I'm Josh, and there's Chuck and Jerry sitting in for Dave, and this is Short Stuff about
Tulip Mania.
That's right.
Tulip Mania was perhaps the first financial bubble to happen and then burst.
And we should probably talk a little bit
about what an economic bubble is, don't you think?
Yeah, it's where the price of a good or an asset
or something like that, let's just say item,
goes sky high, way, way, way beyond any reasonable value
that it should have.
And that's because of exuberant trading.
And the more exuberant the trading is,
the more people get sucked in by it,
and they wanna make some money too,
so more people start investing
and the prices keep going higher and higher and higher.
That's the first part of the bubble.
There's another less happy side of the bubble too.
That's right, because as anyone who's ever been to a bubble rave or played bubbles with
your kids or just adult friends who enjoy bubbling, that bubble's going to burst.
They all will eventually.
And that's what happens with an economic bubble too.
The price will drop usually pretty quickly and a lot of people start selling off very
quickly and those who get out early enough can usually avoid it but every single time someone is
gonna be left holding that asset that is all of a sudden not worth much of
anything and a lot of times people have invested their entire life savings in
this stuff a lot of times they bought this stuff on credit and all of a
sudden this thing isn't worth that much money and they're in real real financial trouble.
Yeah, it's a bad scene.
And so like you said, all the way back in the 17th century, people consider the first
economic bubble to have surrounded tulips and tulip bulbs in Holland.
That's right.
And when you said tulip mania, that's really what it was called.
You weren't just being cheeky.
No, that's what it's referred to, I'm sure, among economists, among historians, among
the Dutch, among podcasters.
It's called tulip mania.
That wasn't just me being funny.
So a little bit about tulips, native to places like Kazakhstan and Eastern Europe and the
Himalayas.
They don't look like the tulips in their original form that we think of today, but they have
been cultivated over the years and, you know, cross-bred to where they look like they look
like tulips now.
These beautiful, we even have tulips popping up here in Atlanta already this spring.
And they're lovely.
They're grown from bulbs and they're, I don't know about
how easy or hard it is, but they, like I said, are cross-bred to create new and exciting
varieties and colors.
Yeah. So Tulips first arrived in Holland around 1600. The Dutch East India Company was moving
spices and exotic goods from the East to Europe, Holland in particular.
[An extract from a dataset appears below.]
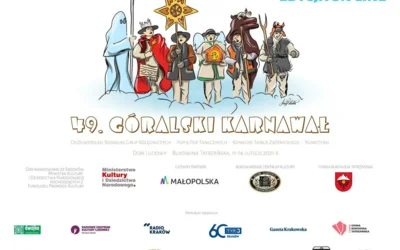 Na 49. Góralskim Karnawale spotykamy się on-line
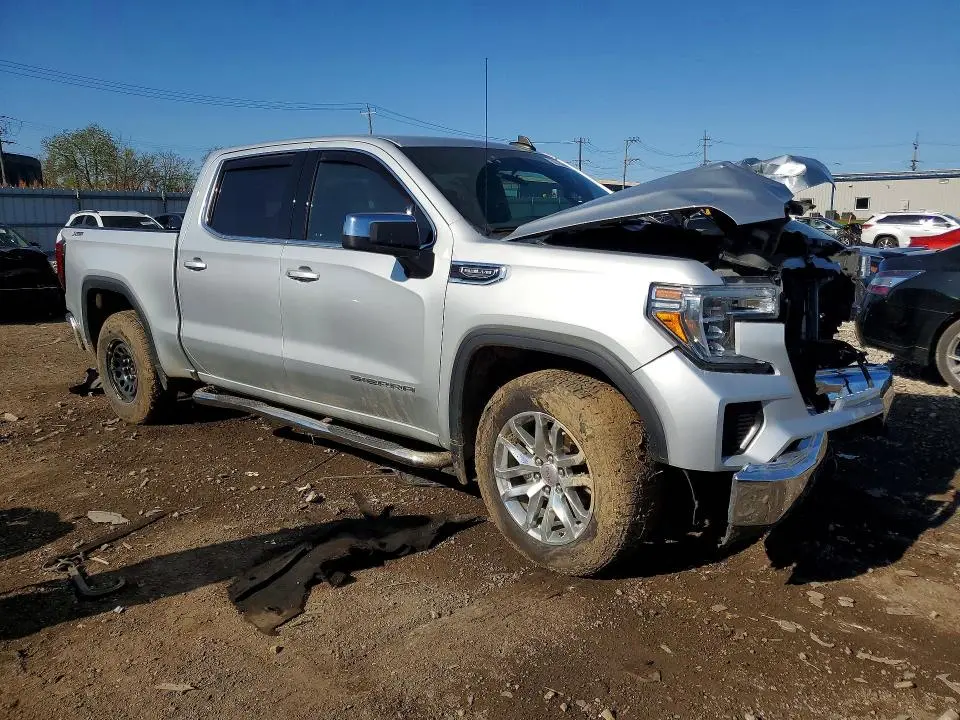 2020 GMC SIERRA K1500 SLE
And tulips
arrived and for the first couple decades they were, you know, if you were a plant
enthusiast you probably had a tulip in your collection. If you were very, very
rich and just wanted to show off how cutting-edge you were you might have
some tulips in your garden. But they weren't a big deal until 1634.
And the reason they became a big deal almost overnight
was because those same upper classes and nobility
in Holland decided that tulips were now a status symbol.
And that if you didn't have tulips growing in your garden
and you were a member of the aristocracy or nobility,
you were a total loser with a capital L.
That's right.
So in this case, you had, economically speaking, you had a big time demand all of a sudden,
but not only was it a big time demand, it was a big time demand of people that had a
lot of money.
So the price went through the roof very, very quickly. A bulb, a single bulb,
one tulip bulb would fetch 2,000 florin. And just to put it into perspective, what you
could buy back then for 2,000 florin, 16,000 pounds of cheese, 250 tons of beer, a couple
of hundred sheep or maybe 16 grown oxen.
And they were paying prices in today's dollars.
Thank you, Investopedia, for doing this weird translation.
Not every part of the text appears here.